Here are two cocktails for you to mix with the liquor vintage signed by Marianna Sicheri, barlady ofOctavius Bar to Replay The Stage of Milan.
40 ml Cognac
40 ml Death Door Gin
25 ml Liqueur of Bergamot Quail
20 ml Lime
Chunk of Ice
Zest of Lime
Technique: Shake and Double Strain
The Twist to the cocktail “Between the Sheets”, first appeared in the 1930's at Harry's New York Bar in Paris by barman Harry MacElhone.
“I see, I don't see deceives” ...a strong character, and dry, aftertaste is elegant and long, and by the scents of citrus lime and bergamot.

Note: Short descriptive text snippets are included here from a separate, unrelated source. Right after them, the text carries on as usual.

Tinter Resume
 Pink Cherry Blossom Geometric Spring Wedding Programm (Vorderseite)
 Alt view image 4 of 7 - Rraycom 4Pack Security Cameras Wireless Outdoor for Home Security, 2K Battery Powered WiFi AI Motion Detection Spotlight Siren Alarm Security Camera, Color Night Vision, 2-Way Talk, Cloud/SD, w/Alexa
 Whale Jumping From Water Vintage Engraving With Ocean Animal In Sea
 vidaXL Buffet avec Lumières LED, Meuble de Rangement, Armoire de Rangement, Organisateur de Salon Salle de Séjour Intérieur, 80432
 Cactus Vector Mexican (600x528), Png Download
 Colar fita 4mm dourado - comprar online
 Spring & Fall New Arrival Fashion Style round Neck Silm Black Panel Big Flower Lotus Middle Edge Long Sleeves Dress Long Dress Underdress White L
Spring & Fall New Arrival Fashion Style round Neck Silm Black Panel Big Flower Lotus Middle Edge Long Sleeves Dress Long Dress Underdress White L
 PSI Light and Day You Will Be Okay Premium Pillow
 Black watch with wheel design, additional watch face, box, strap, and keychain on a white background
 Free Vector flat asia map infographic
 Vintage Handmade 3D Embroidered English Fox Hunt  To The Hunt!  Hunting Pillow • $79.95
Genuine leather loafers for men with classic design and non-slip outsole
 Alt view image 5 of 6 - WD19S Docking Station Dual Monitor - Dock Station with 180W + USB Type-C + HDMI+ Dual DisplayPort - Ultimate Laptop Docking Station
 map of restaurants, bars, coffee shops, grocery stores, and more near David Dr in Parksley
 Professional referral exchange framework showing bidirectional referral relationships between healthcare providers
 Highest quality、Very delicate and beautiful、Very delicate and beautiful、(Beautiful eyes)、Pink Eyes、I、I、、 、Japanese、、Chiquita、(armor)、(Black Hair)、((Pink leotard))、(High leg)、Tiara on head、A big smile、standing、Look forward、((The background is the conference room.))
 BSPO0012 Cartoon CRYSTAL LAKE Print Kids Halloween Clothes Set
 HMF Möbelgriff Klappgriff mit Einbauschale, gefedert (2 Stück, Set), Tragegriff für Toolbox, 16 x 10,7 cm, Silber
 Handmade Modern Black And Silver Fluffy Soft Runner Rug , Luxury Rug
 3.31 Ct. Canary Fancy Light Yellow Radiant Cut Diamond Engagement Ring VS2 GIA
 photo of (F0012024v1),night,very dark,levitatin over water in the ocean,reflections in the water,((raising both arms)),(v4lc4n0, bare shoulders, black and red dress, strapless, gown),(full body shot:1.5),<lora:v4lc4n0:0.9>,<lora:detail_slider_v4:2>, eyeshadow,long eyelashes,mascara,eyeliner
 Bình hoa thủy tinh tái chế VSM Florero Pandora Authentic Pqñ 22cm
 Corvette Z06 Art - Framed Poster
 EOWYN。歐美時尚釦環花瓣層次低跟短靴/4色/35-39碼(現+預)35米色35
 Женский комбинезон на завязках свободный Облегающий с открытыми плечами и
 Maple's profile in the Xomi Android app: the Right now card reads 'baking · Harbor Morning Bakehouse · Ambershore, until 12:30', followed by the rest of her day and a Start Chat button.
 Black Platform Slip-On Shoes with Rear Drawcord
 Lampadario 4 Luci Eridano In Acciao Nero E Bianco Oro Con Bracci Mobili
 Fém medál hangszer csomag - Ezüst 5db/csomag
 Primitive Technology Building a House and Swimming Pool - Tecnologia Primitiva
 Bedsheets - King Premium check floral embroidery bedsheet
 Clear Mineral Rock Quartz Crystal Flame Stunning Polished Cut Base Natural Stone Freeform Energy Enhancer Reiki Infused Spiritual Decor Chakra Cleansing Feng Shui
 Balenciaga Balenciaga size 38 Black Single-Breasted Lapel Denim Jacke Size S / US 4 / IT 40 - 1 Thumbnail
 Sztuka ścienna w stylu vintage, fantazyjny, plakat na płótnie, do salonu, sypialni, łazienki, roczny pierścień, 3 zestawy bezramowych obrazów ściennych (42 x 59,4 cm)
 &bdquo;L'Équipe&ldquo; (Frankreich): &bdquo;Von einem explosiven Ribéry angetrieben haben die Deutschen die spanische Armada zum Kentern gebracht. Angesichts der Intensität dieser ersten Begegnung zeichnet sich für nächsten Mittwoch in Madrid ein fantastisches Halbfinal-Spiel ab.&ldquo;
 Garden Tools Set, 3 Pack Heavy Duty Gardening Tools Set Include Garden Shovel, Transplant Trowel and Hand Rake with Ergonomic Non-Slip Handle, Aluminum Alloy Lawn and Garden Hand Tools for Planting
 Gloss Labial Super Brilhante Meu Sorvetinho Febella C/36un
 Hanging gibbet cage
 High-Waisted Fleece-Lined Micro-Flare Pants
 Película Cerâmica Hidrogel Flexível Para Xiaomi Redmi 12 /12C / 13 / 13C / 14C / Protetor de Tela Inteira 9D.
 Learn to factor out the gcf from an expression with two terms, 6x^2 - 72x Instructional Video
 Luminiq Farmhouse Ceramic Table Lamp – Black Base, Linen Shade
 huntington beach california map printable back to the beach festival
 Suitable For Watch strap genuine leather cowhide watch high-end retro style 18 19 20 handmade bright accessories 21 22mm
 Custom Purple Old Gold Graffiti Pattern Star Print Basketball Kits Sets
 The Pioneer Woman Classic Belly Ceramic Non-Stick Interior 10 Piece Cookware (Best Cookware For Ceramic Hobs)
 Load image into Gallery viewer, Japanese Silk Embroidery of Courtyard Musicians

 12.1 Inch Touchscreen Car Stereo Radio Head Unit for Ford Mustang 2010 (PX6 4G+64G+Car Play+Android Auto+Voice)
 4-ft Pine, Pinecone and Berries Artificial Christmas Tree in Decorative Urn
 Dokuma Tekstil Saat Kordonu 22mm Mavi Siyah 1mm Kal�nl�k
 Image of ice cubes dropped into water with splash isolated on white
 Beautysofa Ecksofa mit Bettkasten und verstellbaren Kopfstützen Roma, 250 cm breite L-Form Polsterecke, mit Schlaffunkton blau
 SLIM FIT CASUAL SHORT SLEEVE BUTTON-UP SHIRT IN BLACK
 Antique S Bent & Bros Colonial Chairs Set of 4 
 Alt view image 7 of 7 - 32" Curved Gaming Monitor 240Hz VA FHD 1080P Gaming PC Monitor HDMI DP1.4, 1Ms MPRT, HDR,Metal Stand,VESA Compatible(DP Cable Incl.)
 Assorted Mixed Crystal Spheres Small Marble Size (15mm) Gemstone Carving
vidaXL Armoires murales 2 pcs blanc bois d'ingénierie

45 ml Jonge Jenever Onder de Boompjes
45 ml Berto Rosso Vermouth
15 ml Liqueur Chinotto
Pearls of Sugar
Technique: Stir and Strain
Twist of the classic “Hanky Panky” of the note barlady Ada Coleman, the first capobarman woman at the American Bar of the Savoy Hotel in London . “Hanky Panky” is also the name of a british brand of lingerie which is linked to the name of the cocktail with a wink to an equally well-known brands of lingerie in Italian. The pearls that are poured from the top in the glass recalls the silk that slips on the body of a woman. The Jenever, one of the distillates of the oldest in Europe, from a higher gear, while the liqueur Chinotto gives a bitter aftertaste, but smooth.